Start of Input material

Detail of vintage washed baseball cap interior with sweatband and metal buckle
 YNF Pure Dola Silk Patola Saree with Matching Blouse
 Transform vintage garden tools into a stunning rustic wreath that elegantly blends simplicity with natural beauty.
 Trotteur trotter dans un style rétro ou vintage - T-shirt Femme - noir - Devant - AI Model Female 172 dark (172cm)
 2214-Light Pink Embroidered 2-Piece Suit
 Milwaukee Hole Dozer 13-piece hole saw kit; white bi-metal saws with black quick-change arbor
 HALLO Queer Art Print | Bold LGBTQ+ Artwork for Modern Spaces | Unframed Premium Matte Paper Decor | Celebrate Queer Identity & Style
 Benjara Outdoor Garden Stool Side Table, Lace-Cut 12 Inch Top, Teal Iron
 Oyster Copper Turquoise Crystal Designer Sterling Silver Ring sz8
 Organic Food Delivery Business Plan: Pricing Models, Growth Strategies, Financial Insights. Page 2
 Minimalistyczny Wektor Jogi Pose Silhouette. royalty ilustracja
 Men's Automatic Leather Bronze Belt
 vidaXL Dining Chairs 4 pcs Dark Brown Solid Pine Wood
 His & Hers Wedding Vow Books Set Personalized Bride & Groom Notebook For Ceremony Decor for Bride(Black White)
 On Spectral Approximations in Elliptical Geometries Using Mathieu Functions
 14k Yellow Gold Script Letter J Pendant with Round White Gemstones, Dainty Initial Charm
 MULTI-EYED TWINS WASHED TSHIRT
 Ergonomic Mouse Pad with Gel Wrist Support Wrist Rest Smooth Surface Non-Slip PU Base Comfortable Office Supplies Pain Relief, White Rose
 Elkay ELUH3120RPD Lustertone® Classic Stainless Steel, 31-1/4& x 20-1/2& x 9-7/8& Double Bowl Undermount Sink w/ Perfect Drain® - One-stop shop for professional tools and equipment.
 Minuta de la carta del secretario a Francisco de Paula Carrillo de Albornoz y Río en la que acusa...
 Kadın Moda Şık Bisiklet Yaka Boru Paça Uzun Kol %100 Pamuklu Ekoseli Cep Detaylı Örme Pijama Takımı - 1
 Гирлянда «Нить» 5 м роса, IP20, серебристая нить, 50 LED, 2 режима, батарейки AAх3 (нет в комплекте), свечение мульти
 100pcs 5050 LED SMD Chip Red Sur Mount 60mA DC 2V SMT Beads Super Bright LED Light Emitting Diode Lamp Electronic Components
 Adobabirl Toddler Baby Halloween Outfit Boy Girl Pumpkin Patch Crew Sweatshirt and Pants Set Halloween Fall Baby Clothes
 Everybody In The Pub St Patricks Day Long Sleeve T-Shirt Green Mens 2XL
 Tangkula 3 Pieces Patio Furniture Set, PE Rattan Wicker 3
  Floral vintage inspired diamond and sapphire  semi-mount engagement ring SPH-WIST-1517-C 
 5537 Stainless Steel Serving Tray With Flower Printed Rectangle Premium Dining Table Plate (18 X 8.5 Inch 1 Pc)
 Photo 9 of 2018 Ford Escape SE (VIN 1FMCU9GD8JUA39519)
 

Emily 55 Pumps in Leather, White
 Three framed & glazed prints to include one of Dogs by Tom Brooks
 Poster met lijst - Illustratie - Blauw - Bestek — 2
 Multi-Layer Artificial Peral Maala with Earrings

End of Input material

| Task brief |
Write out every entry above, word for word.

| Response to this exercise |
Detail of vintage washed baseball cap interior with sweatband and metal buckle
 YNF Pure Dola Silk Patola Saree with Matching Blouse
 Transform vintage garden tools into a stunning rustic wreath that elegantly blends simplicity with natural beauty.
 Trotteur trotter dans un style rétro ou vintage - T-shirt Femme - noir - Devant - AI Model Female 172 dark (172cm)
 2214-Light Pink Embroidered 2-Piece Suit
 Milwaukee Hole Dozer 13-piece hole saw kit; white bi-metal saws with black quick-change arbor
 HALLO Queer Art Print | Bold LGBTQ+ Artwork for Modern Spaces | Unframed Premium Matte Paper Decor | Celebrate Queer Identity & Style
 Benjara Outdoor Garden Stool Side Table, Lace-Cut 12 Inch Top, Teal Iron
 Oyster Copper Turquoise Crystal Designer Sterling Silver Ring sz8
 Organic Food Delivery Business Plan: Pricing Models, Growth Strategies, Financial Insights. Page 2
 Minimalistyczny Wektor Jogi Pose Silhouette. royalty ilustracja
 Men's Automatic Leather Bronze Belt
 vidaXL Dining Chairs 4 pcs Dark Brown Solid Pine Wood
 His & Hers Wedding Vow Books Set Personalized Bride & Groom Notebook For Ceremony Decor for Bride(Black White)
 On Spectral Approximations in Elliptical Geometries Using Mathieu Functions
 14k Yellow Gold Script Letter J Pendant with Round White Gemstones, Dainty Initial Charm
 MULTI-EYED TWINS WASHED TSHIRT
 Ergonomic Mouse Pad with Gel Wrist Support Wrist Rest Smooth Surface Non-Slip PU Base Comfortable Office Supplies Pain Relief, White Rose
 Elkay ELUH3120RPD Lustertone® Classic Stainless Steel, 31-1/4& x 20-1/2& x 9-7/8& Double Bowl Undermount Sink w/ Perfect Drain® - One-stop shop for professional tools and equipment.
 Minuta de la carta del secretario a Francisco de Paula Carrillo de Albornoz y Río en la que acusa...
 Kadın Moda Şık Bisiklet Yaka Boru Paça Uzun Kol %100 Pamuklu Ekoseli Cep Detaylı Örme Pijama Takımı - 1
 Гирлянда «Нить» 5 м роса, IP20, серебристая нить, 50 LED, 2 режима, батарейки AAх3 (нет в комплекте), свечение мульти
 100pcs 5050 LED SMD Chip Red Sur Mount 60mA DC 2V SMT Beads Super Bright LED Light Emitting Diode Lamp Electronic Components
 Adobabirl Toddler Baby Halloween Outfit Boy Girl Pumpkin Patch Crew Sweatshirt and Pants Set Halloween Fall Baby Clothes
 Everybody In The Pub St Patricks Day Long Sleeve T-Shirt Green Mens 2XL
 Tangkula 3 Pieces Patio Furniture Set, PE Rattan Wicker 3
  Floral vintage inspired diamond and sapphire  semi-mount engagement ring SPH-WIST-1517-C 
 5537 Stainless Steel Serving Tray With Flower Printed Rectangle Premium Dining Table Plate (18 X 8.5 Inch 1 Pc)
 Photo 9 of 2018 Ford Escape SE (VIN 1FMCU9GD8JUA39519)
 

Emily 55 Pumps in Leather, White
 Three framed & glazed prints to include one of Dogs by Tom Brooks
 Poster met lijst - Illustratie - Blauw - Bestek — 2
 Multi-Layer Artificial Peral Maala with Earrings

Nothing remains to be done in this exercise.